_INFORMATION SHOWN_
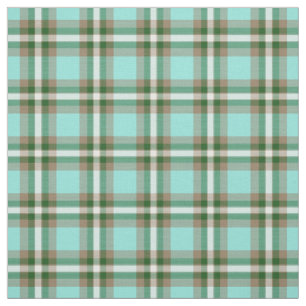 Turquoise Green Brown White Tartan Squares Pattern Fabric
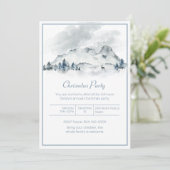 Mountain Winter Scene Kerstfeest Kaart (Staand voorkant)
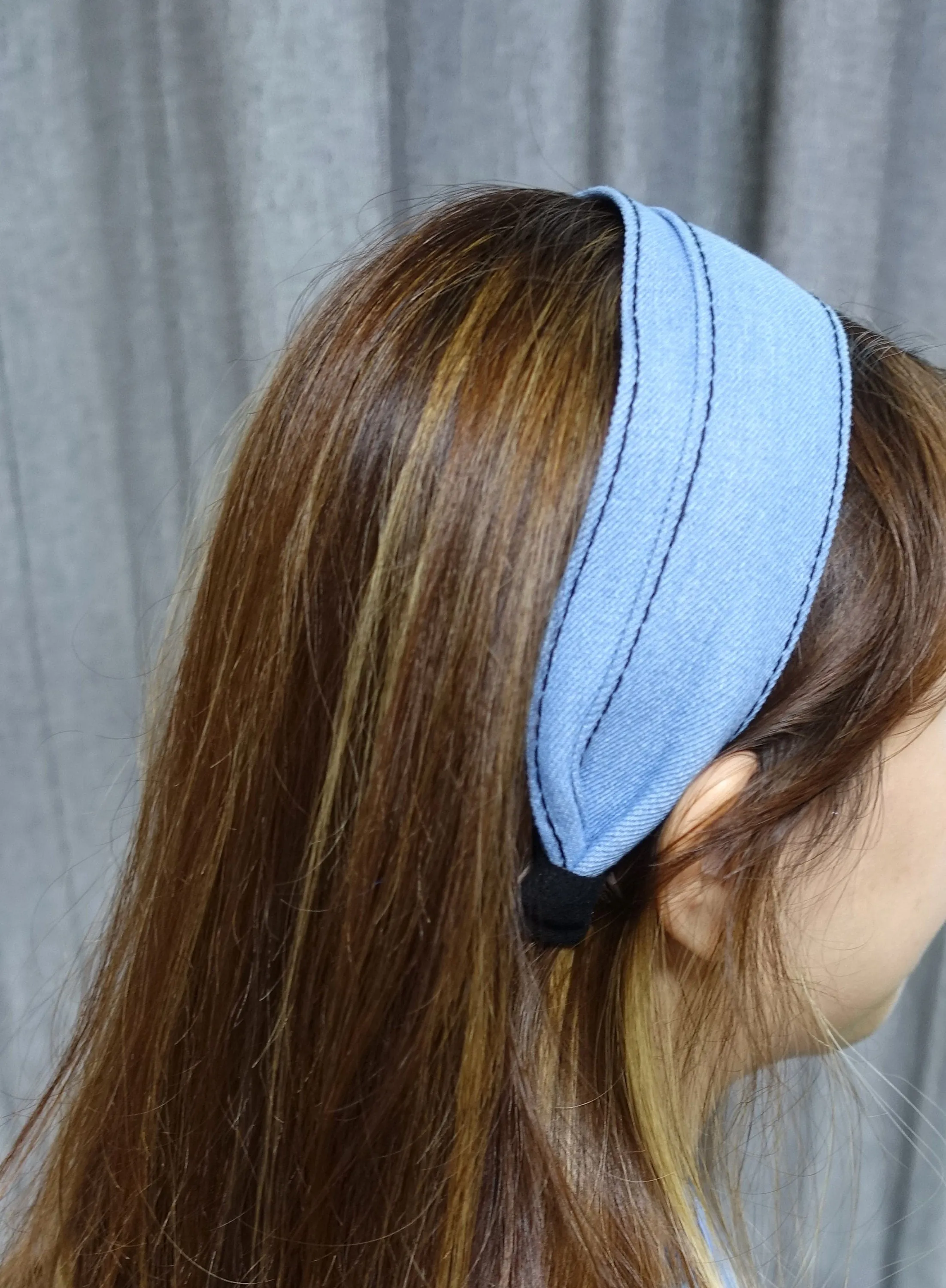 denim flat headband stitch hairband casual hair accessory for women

* * *

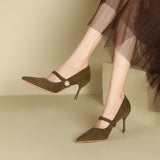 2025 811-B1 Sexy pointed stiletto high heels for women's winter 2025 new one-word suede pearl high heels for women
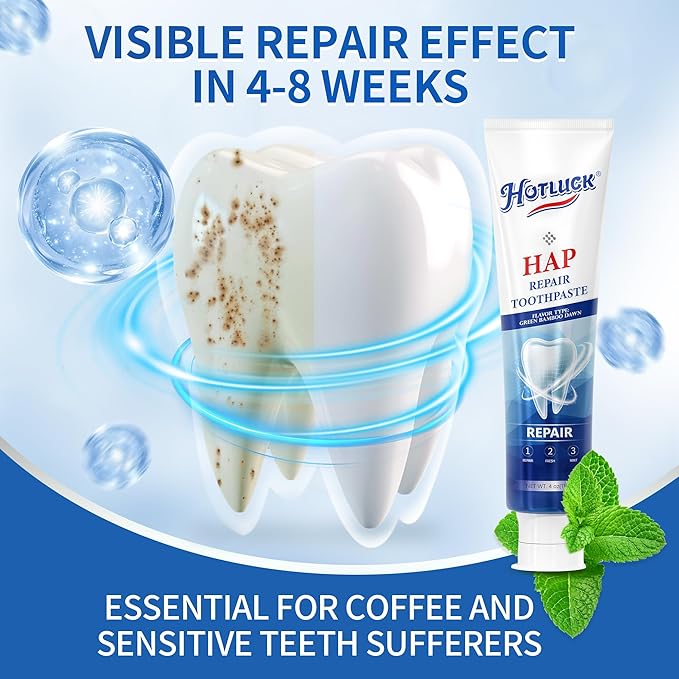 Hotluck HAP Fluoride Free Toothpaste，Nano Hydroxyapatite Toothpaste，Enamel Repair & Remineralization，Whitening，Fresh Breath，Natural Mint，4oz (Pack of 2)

...

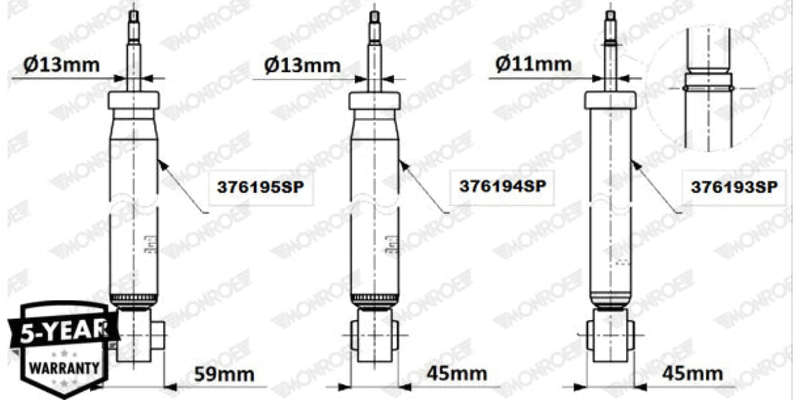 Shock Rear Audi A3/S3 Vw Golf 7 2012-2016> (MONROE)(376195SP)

_ABOUT THIS TASK_
Range to print from the listing above: from the line with "Turquoise Green Brown" up to and including the line with "denim flat headband". Please print those lines exactly, with no pictures and nothing more.

_RESULT OF THIS TASK_
 Turquoise Green Brown White Tartan Squares Pattern Fabric
 Mountain Winter Scene Kerstfeest Kaart (Staand voorkant)
 denim flat headband stitch hairband casual hair accessory for women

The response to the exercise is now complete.